WORK INSTRUCTIONS:
Please give the whole listing again exactly, without any of its pictures.

DATASET SECTION:
--*--
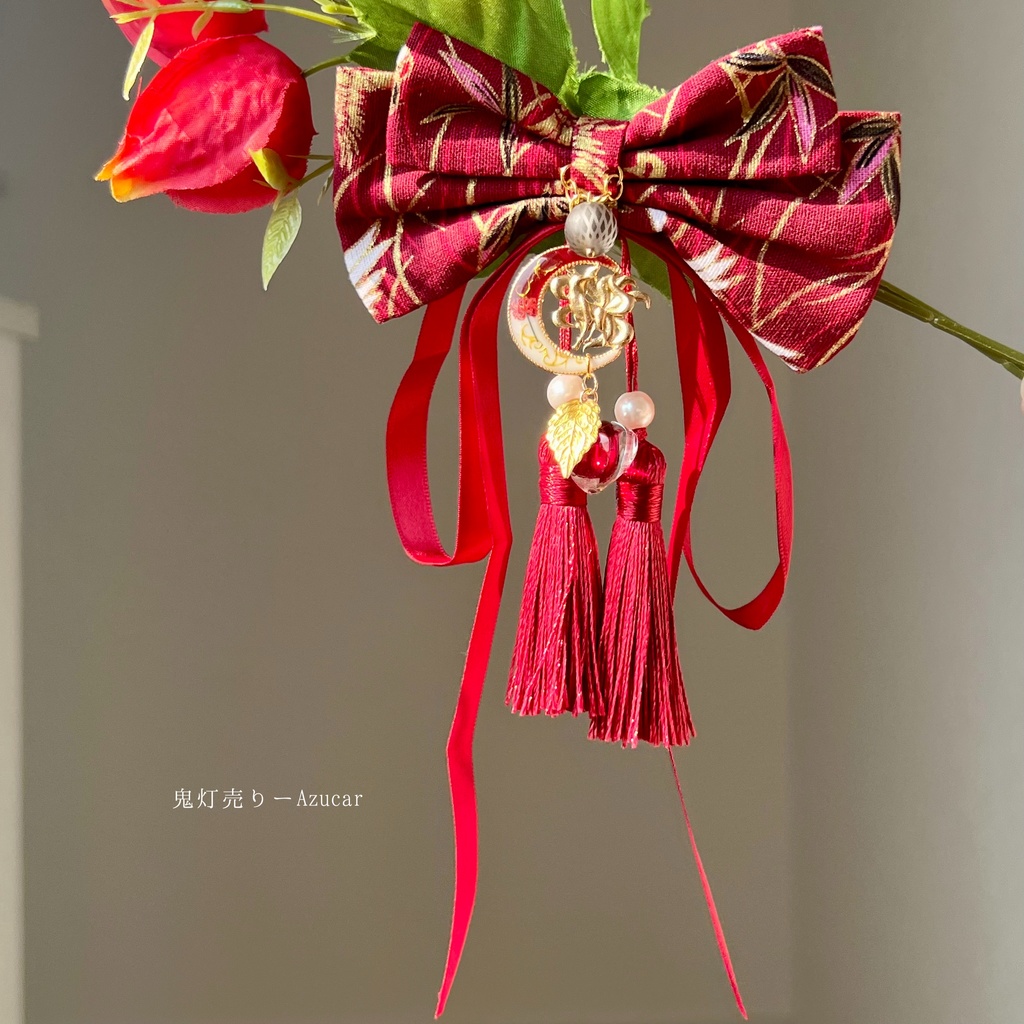 大正浪漫調リボンの紅彼岸花柄の九尾狐と鬼灯のヘアクリップ 着物や浴衣、袴などセレモニー、成人式、イベントやコスプレ、ディスプレイなどにも☆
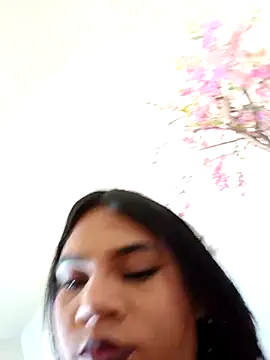 ExoticDarkDoll online show from April 2, 8:39 pm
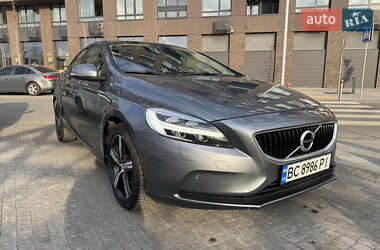 Хэтчбек Volvo V40 2017 в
--*--
RESULT:
 大正浪漫調リボンの紅彼岸花柄の九尾狐と鬼灯のヘアクリップ 着物や浴衣、袴などセレモニー、成人式、イベントやコスプレ、ディスプレイなどにも☆
 ExoticDarkDoll online show from April 2, 8:39 pm
 Хэтчбек Volvo V40 2017 в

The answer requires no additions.